== THE INPUT

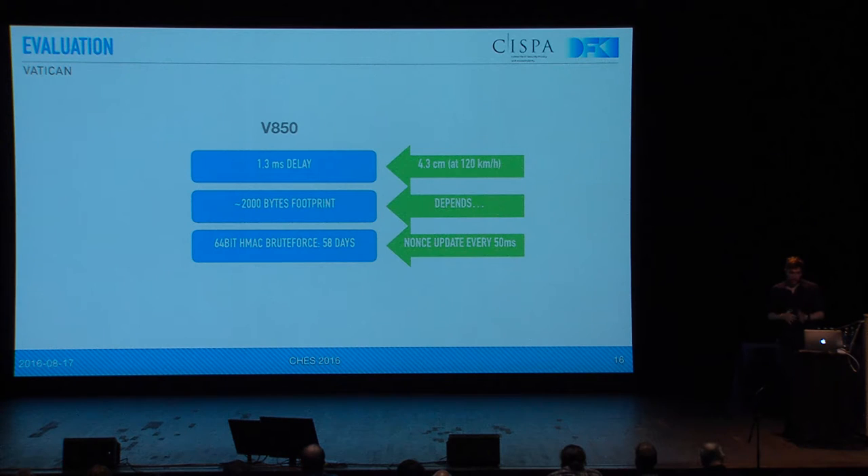The results on a very typical V850 microcontroller show that it usually introduces 1.3 milliseconds of delay — that's roughly 4.3 centimeters at 120 kilometers per hour that you would lose in terms of reaction time. The more interesting thing is whether this 64-bit HMAC suffices. On this very popular processor, which is like the lower end you would find in a car, 58 days are needed on average to brute force it. That's well below a typical 224-bit output for a SHA-3. On the other hand, the nonce is updated every 50 milliseconds, so that invalidates any ongoing brute force attempt.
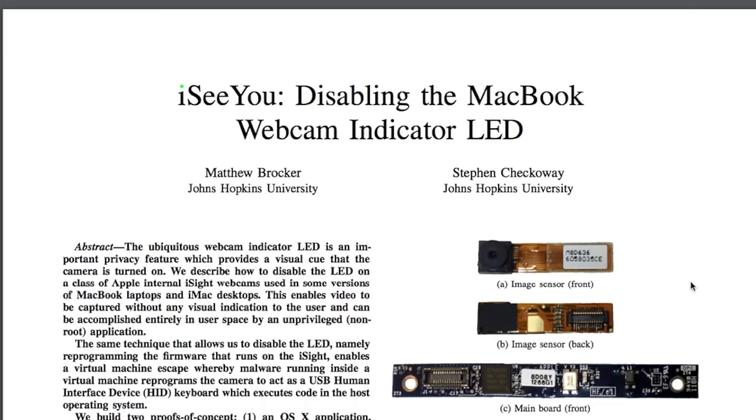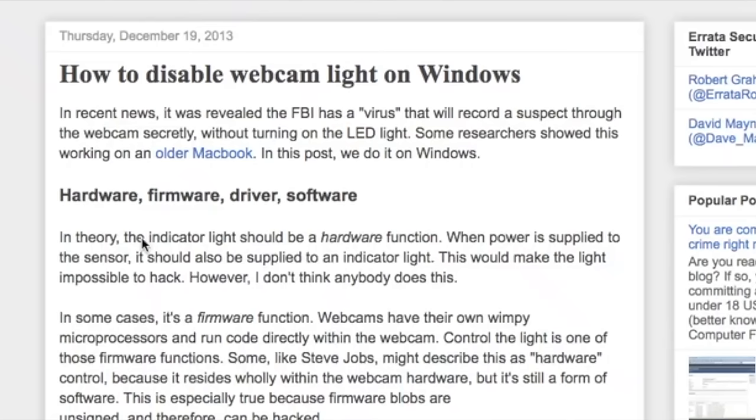You may be wondering: does it take a rocket scientist or an uber hacker to hijack a webcam? It really doesn't — it's quite trivial to put code into a piece of malicious software to hijack the webcam and begin to take video or still pictures of people in front of their computers without their knowledge. There's even been research proving that on some computers it's possible to take over a webcam without turning on the little green light next to it, so you'd have no clue at all.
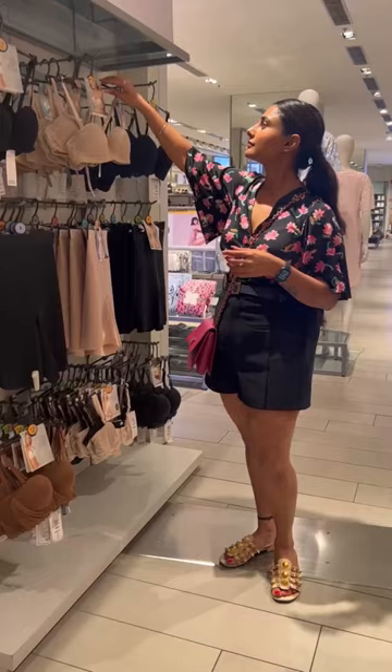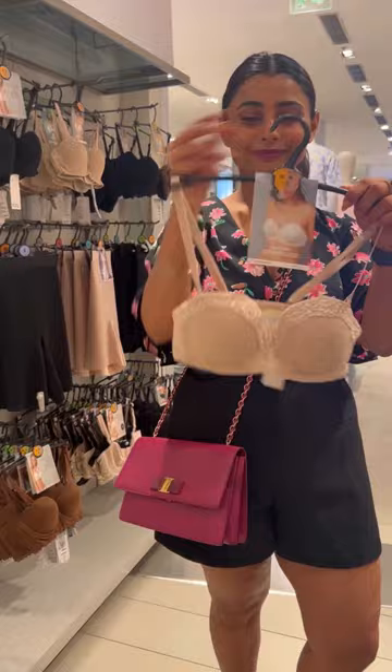A strapless bra which would usually come with detachable straps. They are a great option to be worn with your off-shoulder or spaghetti tops. Read caption to get more insight.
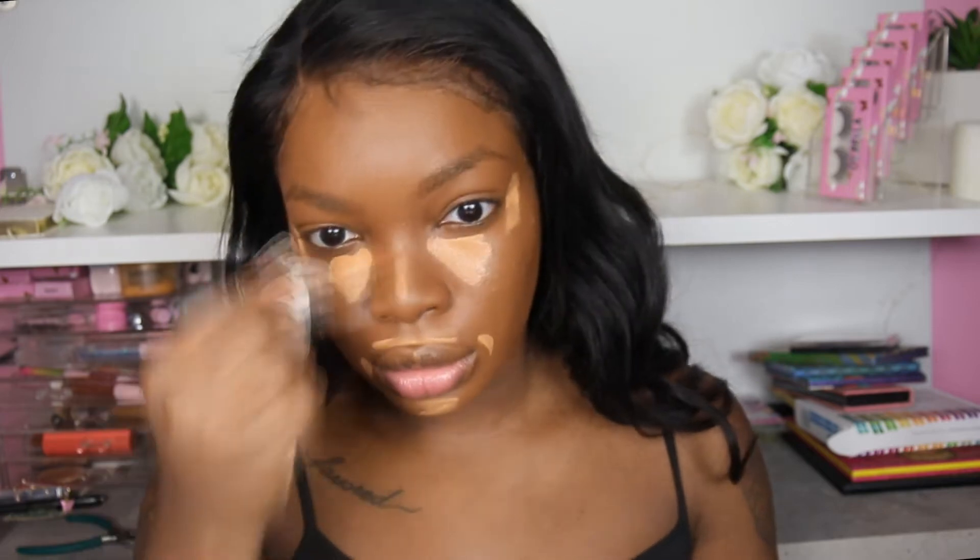Now I'm going to contour and highlight, and again I'm using the elf concealers. To highlight I'm using the Hydrating Camo Concealer Satin Finish in Medium Beige, and for contour I'm using the Hydrating Camo Concealer Satin Finish in Rich Ebony.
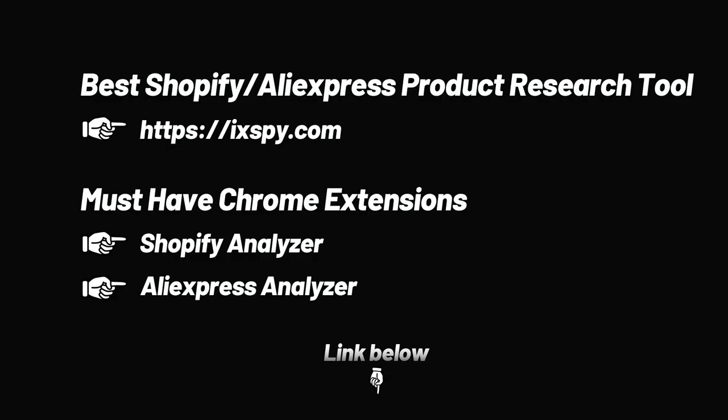These are the product selection tools and necessary plugins we provide, and most of the products we recommend are filtered through them. You will find all the links to these tools in the instructions below. Get it now.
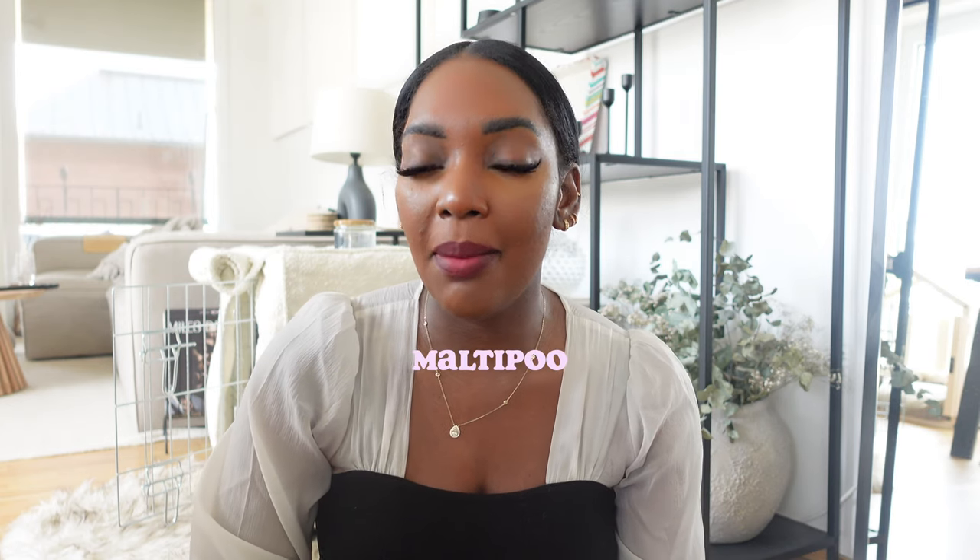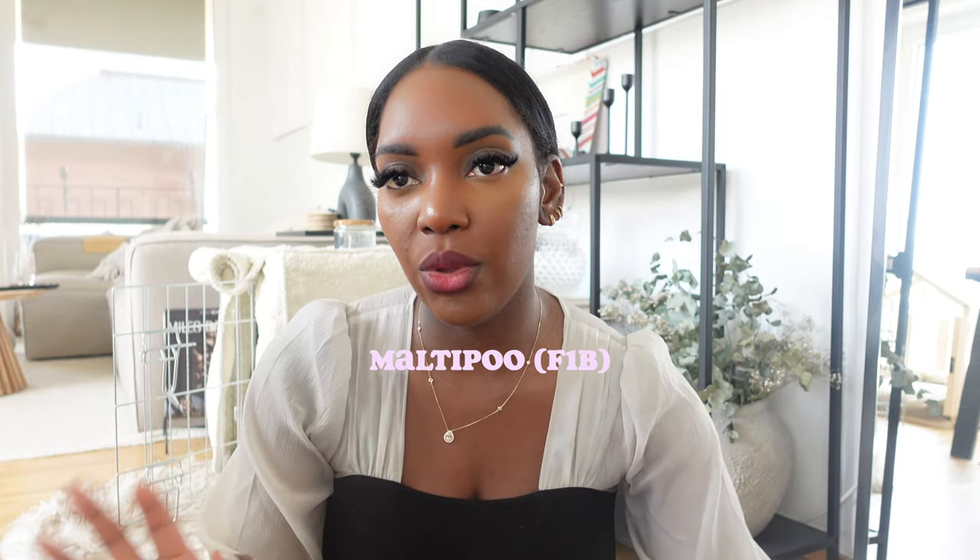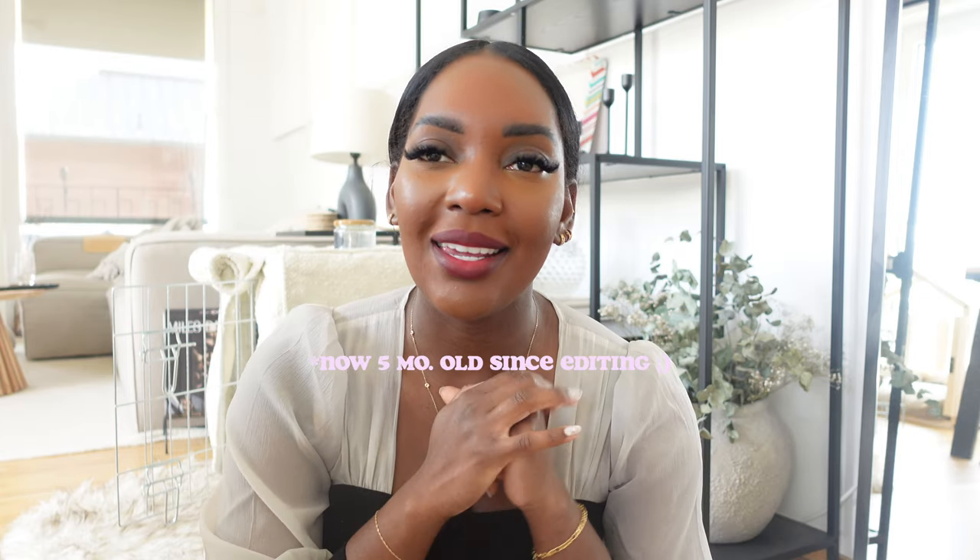Hi guys, welcome back to my video. Today I'm going to be doing a video on things you should know as an expat if you want to own or adopt a dog here in Germany, as well as things you can purchase which have enhanced our dog-owning lifestyle, and some training bits which really helped us out in the beginning. Beau is sitting in my lap right now — he walked right in on his own. He is a Maltipoo F1B, meaning he is more poodle than Maltese. He's a mixed dog and he is almost four months old, still a puppy with a long way to go.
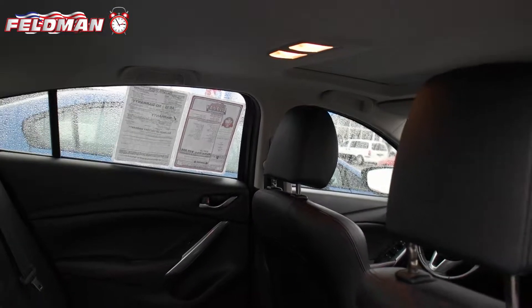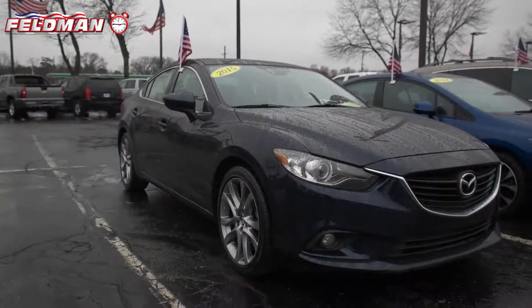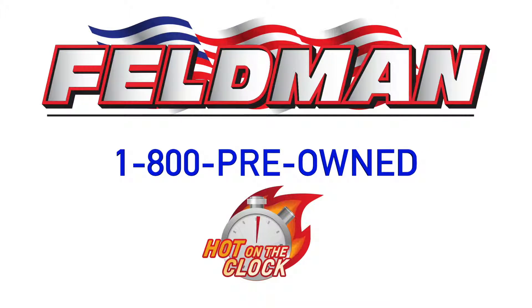Kelley Blue Book valued at $19,850. This car is hot on the clock for just $18,210, and once it's gone, it's gone. So call 1-800-PREOWNED now.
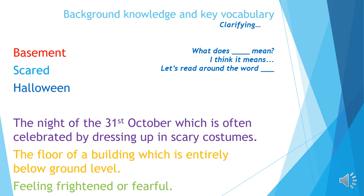At the bottom of your screen are three definitions. I'd like you to read those through. My purple definition: 'The night of the 31st of October, which is often celebrated by dressing up in scary costumes.' I think this definition matches up with halloween, because I know it's often a time when people dress up in scary costumes. I remember lots of you dressed up in October time too.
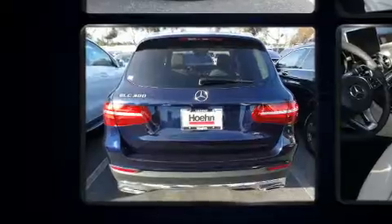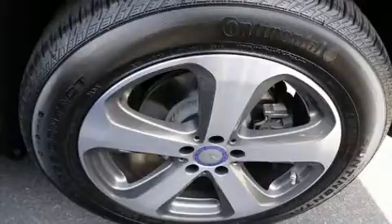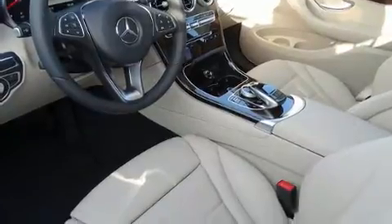Mercedes-Benz also prioritized safety and security by including dual front impact airbags with occupant sensing airbag, head curtain airbags, traction control, and brake assist.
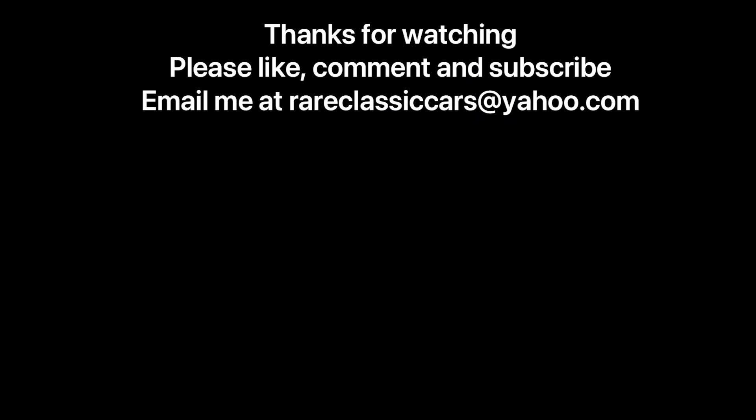Hope you enjoyed this spotlight on the 1975 Cadillac Calais. If you did, be sure to like, comment, and subscribe, and check out the video thumbnails at bottom left and right for some suggestions.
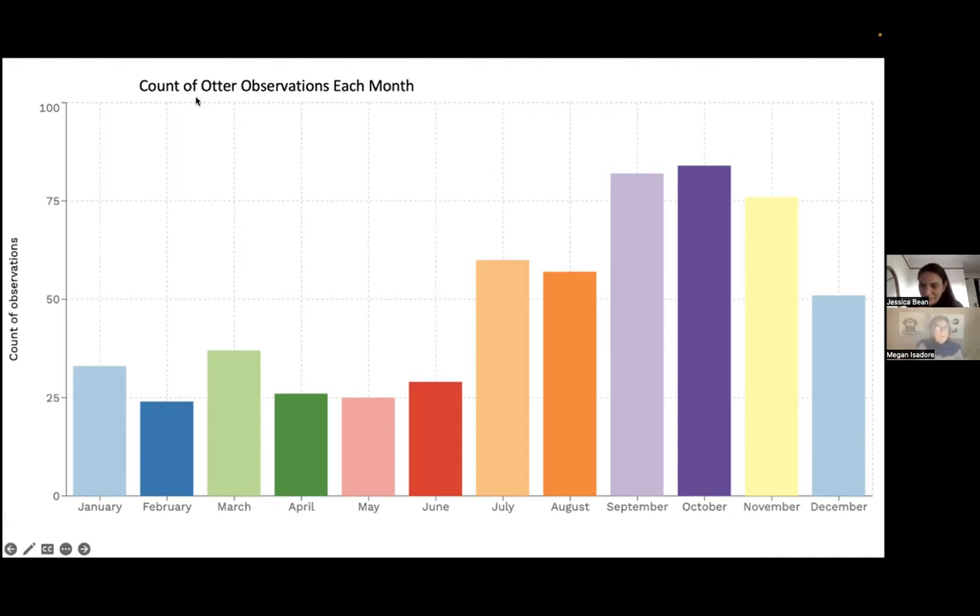Nobody knows exactly why river otters have delayed implantation. A participant named Marsha compares it to zebras, noting that zebras are apparently always pregnant. The webinar continues with further discussion of river otter biology and reproductive behavior.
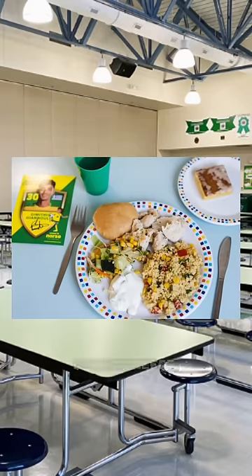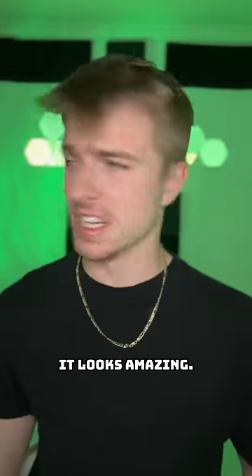Rated as the best school lunch is Japan, and after seeing this photo, I can understand why. Finally, who I think should be ranked as number one is Greece, because just look at this — it looks amazing. I'm honestly kind of jealous.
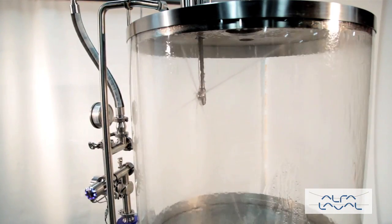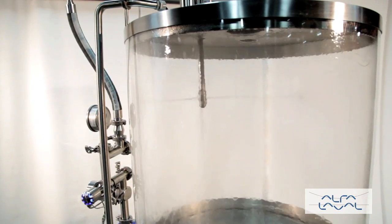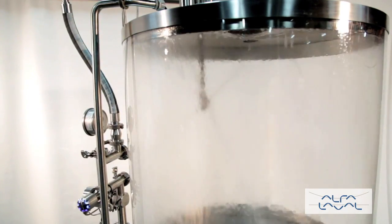Capable of both permanent and portable installation, the NanoJet 2.0 is ideal for effective cleaning of tanks up to 10 feet in diameter in a repeatable and reliable 360 degree pattern.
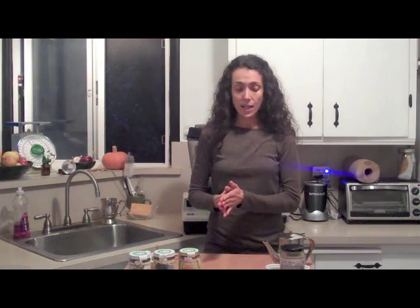Traditionally, golden milk is a drink made from a turmeric paste, cow's milk, a sweetener of some sort, and a little bit of black pepper. This is a very, very healing drink, and I wanted to share my version where rather than using a traditional cow's milk, I make a milk from nuts and seeds. Today I'll be using Living Tree's Alive Organic Almond Butter to cream up this very healing tonic drink.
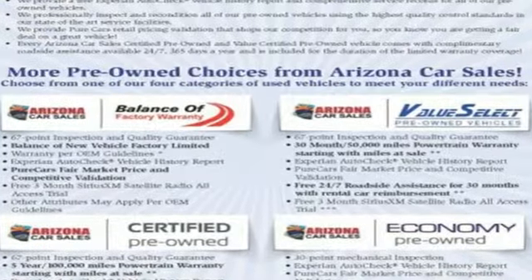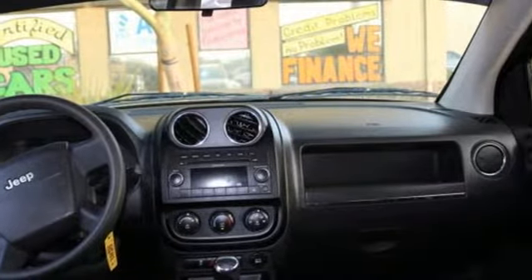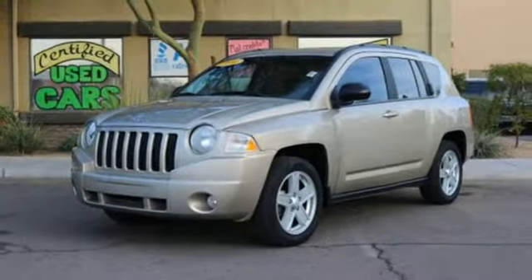The sensational Compass gives you so much for so little with superb handling, incredible versatility, and the always rock solid Jeep build quality.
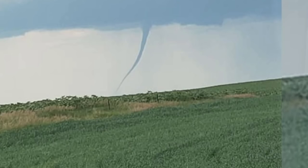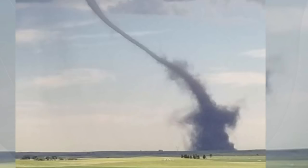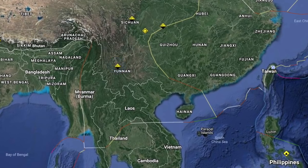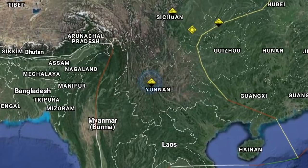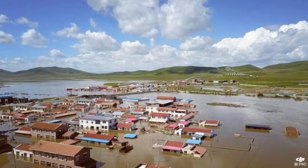Luckily there's a lot of farmland in North Dakota and it absorbed the worst of that twister. We also check in briefly on western China where the monsoon got a little out of control — the flooding is so severe that an inland location looks like a coastal port vista.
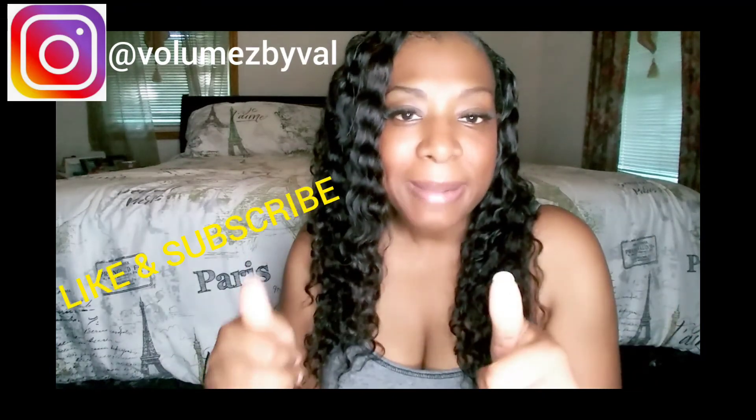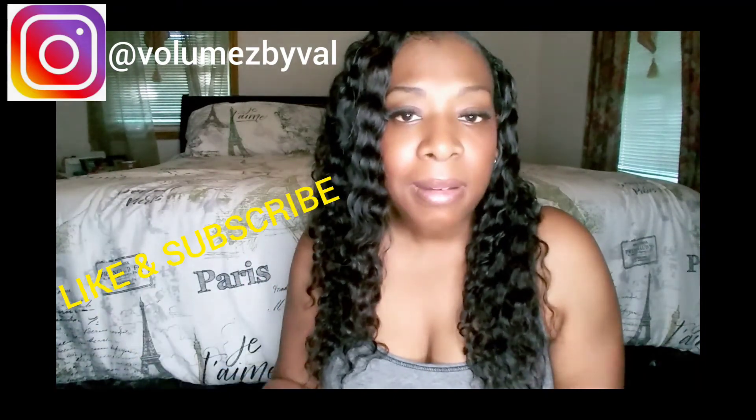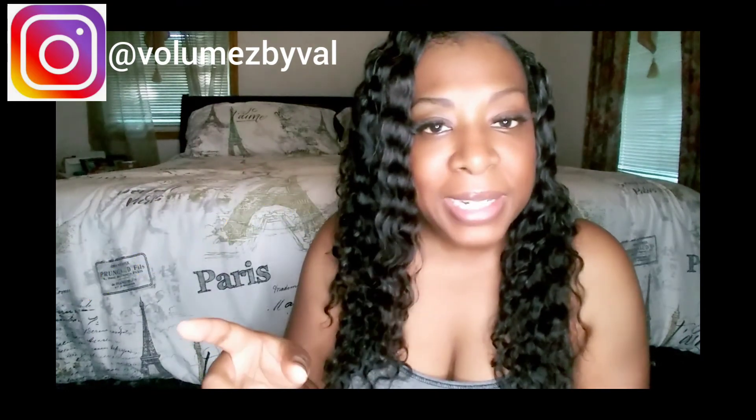If this video was something you liked, please give it a thumbs up, comment down below, and hit that notification bell so you get notified whenever I drop another video. If you liked it, please share it if you care. Until next time, guys — bye!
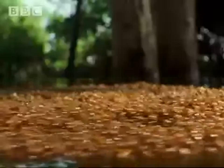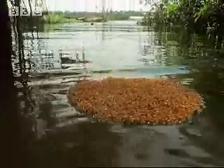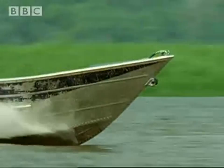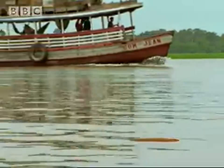But there's no getting away from hungry fish. Once in the open river, they are at the mercy of the current and unpredictable waves.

====

__WORK TO BE COMPLETED__:
An acceptable answer holds exactly the lines from the one with "Capable of both" through the end of the entries above, both ends kept, and no pictures at all.

__ANSWER TO THIS PROBLEM__:
Capable of both permanent and portable installation, the NanoJet 2.0 is ideal for effective cleaning of tanks up to 10 feet in diameter in a repeatable and reliable 360 degree pattern.
Traditionally, golden milk is a drink made from a turmeric paste, cow's milk, a sweetener of some sort, and a little bit of black pepper. This is a very, very healing drink, and I wanted to share my version where rather than using a traditional cow's milk, I make a milk from nuts and seeds. Today I'll be using Living Tree's Alive Organic Almond Butter to cream up this very healing tonic drink.
The sensational Compass gives you so much for so little with superb handling, incredible versatility, and the always rock solid Jeep build quality.
Luckily there's a lot of farmland in North Dakota and it absorbed the worst of that twister. We also check in briefly on western China where the monsoon got a little out of control — the flooding is so severe that an inland location looks like a coastal port vista.
If this video was something you liked, please give it a thumbs up, comment down below, and hit that notification bell so you get notified whenever I drop another video. If you liked it, please share it if you care. Until next time, guys — bye!
But there's no getting away from hungry fish. Once in the open river, they are at the mercy of the current and unpredictable waves.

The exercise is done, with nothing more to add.